When you compare Derrida to Heidegger, besides the linguistic and political differences, you find a tonal difference. Heidegger’s mood is heroic, tragic, messianic; Derrida’s is playful, jestful, cerebral. Heidegger and Derrida are both gnomic writers; yet one senses with Heidegger that he has something serious to say; with Derrida, one senses that the performance is the point, that there is nothing besides the rhetoric. In Heidegger, rhetoric serves the purpose of thought. In Derrida, one feels, there is nothing besides rhetoric. Derrida scholars can disagree; Heidegger reads as a reluctant spiritual Master, as a thinker. Derrida reads as a comedian, as Aristophanes to Heidegger’s Socrates, which isn’t to say Derrida isn’t serious or that there isn’t a seriousness to his jocularity, or that he doesn’t have something to say. Still, one never feels levity reading terms like Seinsfrage, Geworfenheit, Erschlossenheit, die Frage nach dem Technik; meanwhile, Derrida’s essays seem haughtily pitched to deflate everything of its gravity, as if any form of seriousness were somehow in danger of becoming an instrument of fascism.
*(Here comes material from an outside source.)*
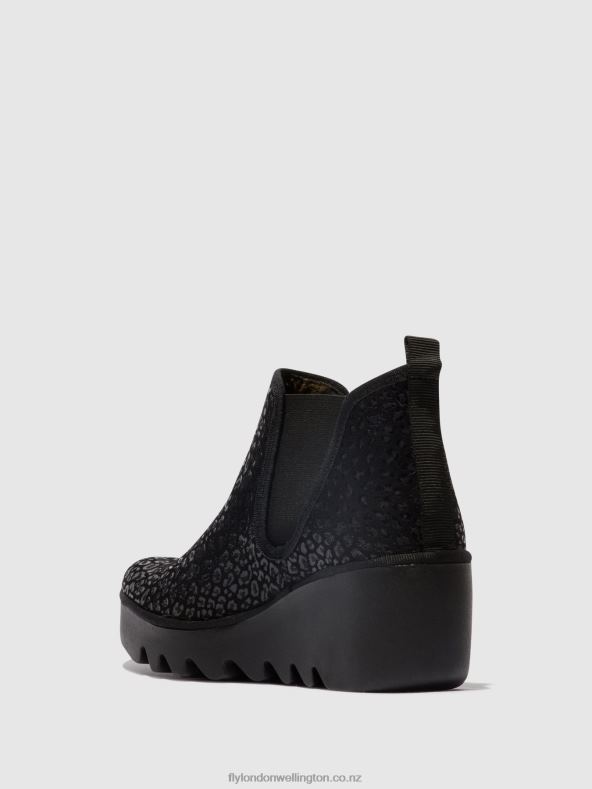 Women Fly London ANTHRACITE SPOTS Chelsea Ankle Boots BYNE349 0B6X4149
One can certainly make the argument that Heidegger is postmodern or else presages postmodern thought, yet his aesthetic—even when playful, even when self-questioning—has a devotional quality to it. We should consider whether postmodern Jewish thought and life require us to be jesters in the Derridean mold or pietist in the Heideggerian one. In the end, the issue of postmodernism might be one of tone and aesthetics more than content (after all, postmodernism can also be framed as a privileging of form and frame over content, e.g., “the medium is the message.”)
Conclusion
For those of us who aspire to think, who believe it is of the utmost import, and who, as Jews, or as religious folk, believe that thinking is a form of avodah, is a holy, religious task, engagement with postmodern thought is necessary. It may be necessary even as a Jacob’s ladder we climb and then kick away. I don’t believe postmodern thought often succeeds in “thinking,” yet I believe it helps us spot the ways in which we are not yet thinking, and this humility is needed today, not just for ethical and political reasons, but also for spiritual ones. To know that one is not yet thinking, is this not the awe of heaven?
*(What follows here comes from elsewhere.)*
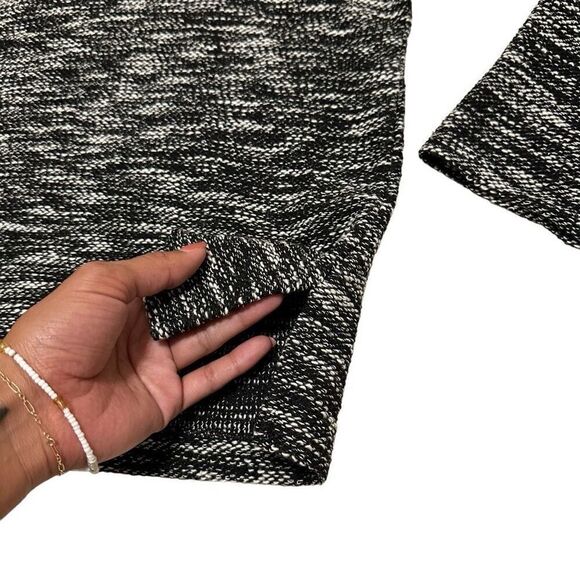 Madewell XS Black and White Knit Shoulder Button Crewneck Loose Casual Sweater - Picture 4 of 7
I am grateful to Miriam Feldmann Kaye for introducing the question of postmodernism into the contemporary discussion of Jewish thought and theology, not because I believe postmodernism can save Jewish life or thought (I’m not sure any doctrine, even an anti-doctrinaire one could do this), but because the question of how to live a sincere, elevated, responsible, pious Jewish life that is critical, self-critical, and open-minded, is upon us.